Perhaps the fix is to set the archive date to the archives ingest time when
the message asserts a date substantially (15min?) earlier or later.  Would
that be an improvement?


I wonder what caused this. I did a full reparse of the archives last week. I wonder if this caused it, and that we actually had this problem before but we cleaned it up manually at some point, and this manual cleanup got overwritten by this reparse.H

Unfortunately we don't keep the ingest time separately. But for the future, doing so would probably be a good idea, for other reasons as well.  I think 15 minutes might be pushing it a bit given the kind of times we see around, in particular with incorrectly configured timezones. But something like 24h would probably work.

Luckily, it's not too terribly bad: 

archives=# select count(*) from messages where date > now();
 count
-------
    10
(1 row)

(out of about 1.3M messages).

So short-term I will go process those messages manually.

Re: Post-2018 messages in archives

From
Noah Misch
Date:
On Mon, Dec 03, 2018 at 10:08:20AM +0100, Magnus Hagander wrote:
> On Mon, Dec 3, 2018 at 2:40 AM Noah Misch <noah@leadboat.com> wrote:
> > At some point in the last few months, the archives of many mailing lists
> > added
> > messages dated far in the future.  For example, pgsql-hackers archives
> > gained
> > four messages from years 2030, 2032 and 2036:
> >
> > https://www.postgresql.org/list/pgsql-hackers/since/203011010000/

> > Perhaps the fix is to set the archive date to the archives ingest time when
> > the message asserts a date substantially (15min?) earlier or later.  Would
> > that be an improvement?

> Unfortunately we don't keep the ingest time separately. But for the future,
> doing so would probably be a good idea, for other reasons as well.  I think
> 15 minutes might be pushing it a bit given the kind of times we see around,
> in particular with incorrectly configured timezones.
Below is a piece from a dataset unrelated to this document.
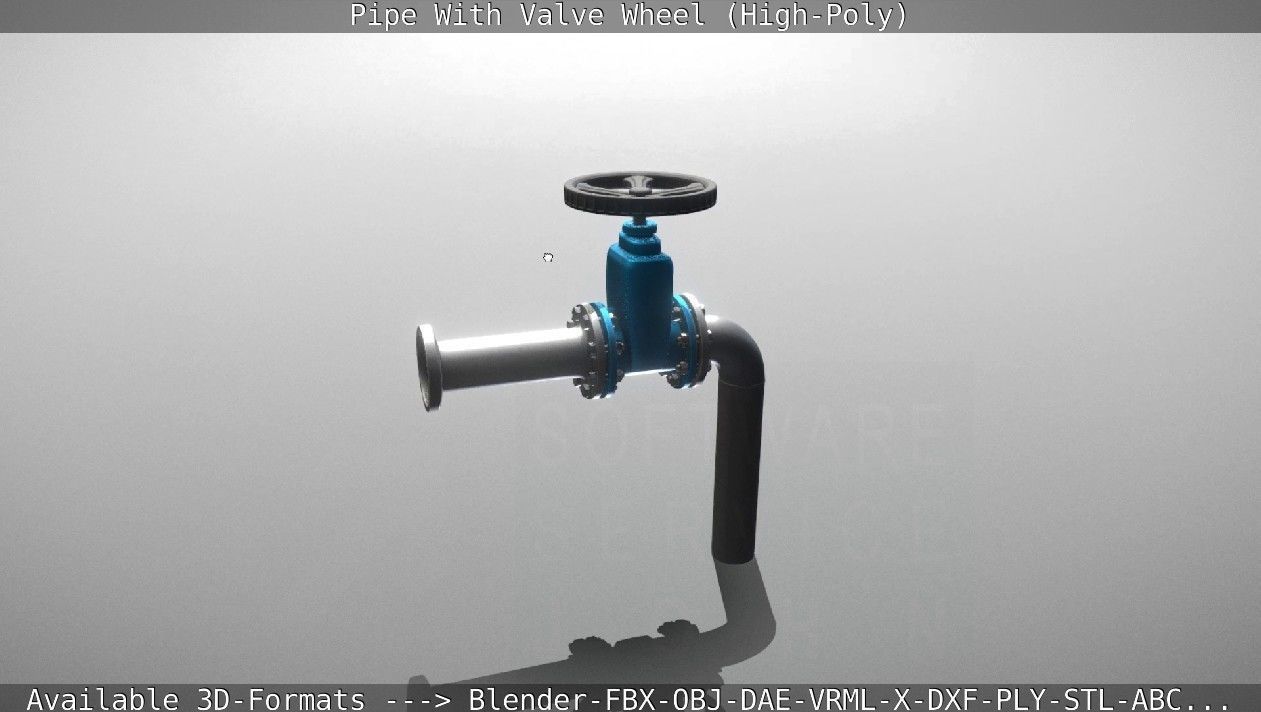 Pipe With Valve Wheel High-Poly 3D model_144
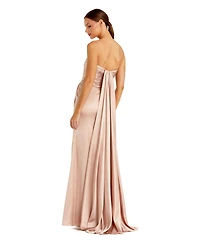 Mac Duggal Women's Strapless Charmeuse Wrap Gown With Cutout Detail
But something like 24h
> would probably work.
> 
> Luckily, it's not too terribly bad:
> 
> archives=# select count(*) from messages where date > now();
>  count
> -------
>     10
> (1 row)
> 
> (out of about 1.3M messages).
> 
> So short-term I will go process those messages manually.
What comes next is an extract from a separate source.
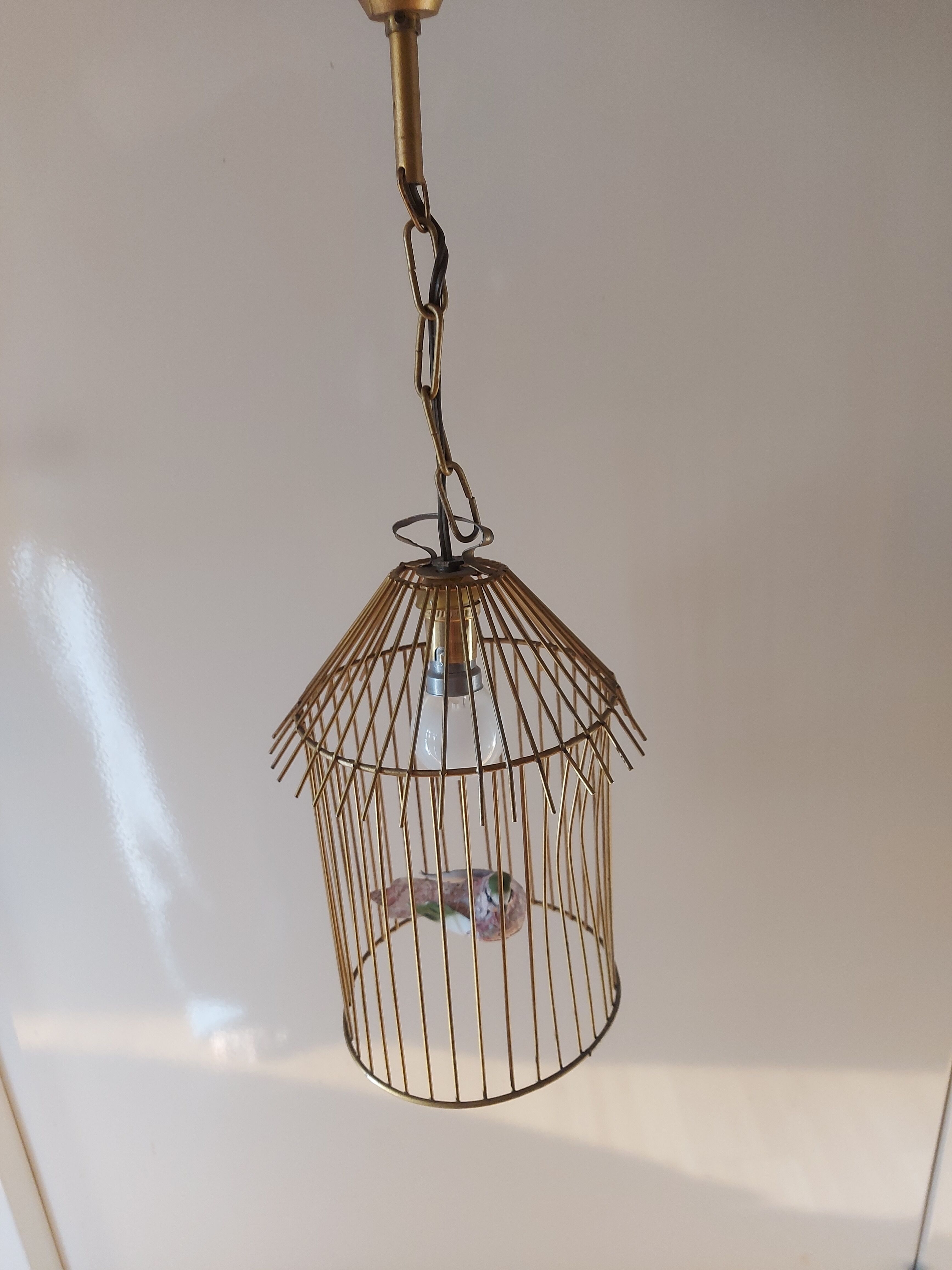 Vintage suspension in the shape of a bird cage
Data looks clean now.  Thanks.  If the problem remains as rare as it has been,
the automated fix I was contemplating is premature.


Re: Post-2018 messages in archives

From
Magnus Hagander
Date:
On Wed, Dec 5, 2018 at 2:53 AM Noah Misch <noah@leadboat.com> wrote:
On Mon, Dec 03, 2018 at 10:08:20AM +0100, Magnus Hagander wrote:
> On Mon, Dec 3, 2018 at 2:40 AM Noah Misch <noah@leadboat.com> wrote:
> > At some point in the last few months, the archives of many mailing lists
> > added
> > messages dated far in the future.  For example, pgsql-hackers archives
> > gained
> > four messages from years 2030, 2032 and 2036:
> >
> > https://www.postgresql.org/list/pgsql-hackers/since/203011010000/

> > Perhaps the fix is to set the archive date to the archives ingest time when
> > the message asserts a date substantially (15min?) earlier or later.  Would
> > that be an improvement?

> Unfortunately we don't keep the ingest time separately. But for the future,
> doing so would probably be a good idea, for other reasons as well.  I think
> 15 minutes might be pushing it a bit given the kind of times we see around,
> in particular with incorrectly configured timezones. But something like 24h
> would probably work.
>
> Luckily, it's not too terribly bad:
>
> archives=# select count(*) from messages where date > now();
>  count
> -------
>     10
> (1 row)
>
> (out of about 1.3M messages).
>
> So short-term I will go process those messages manually.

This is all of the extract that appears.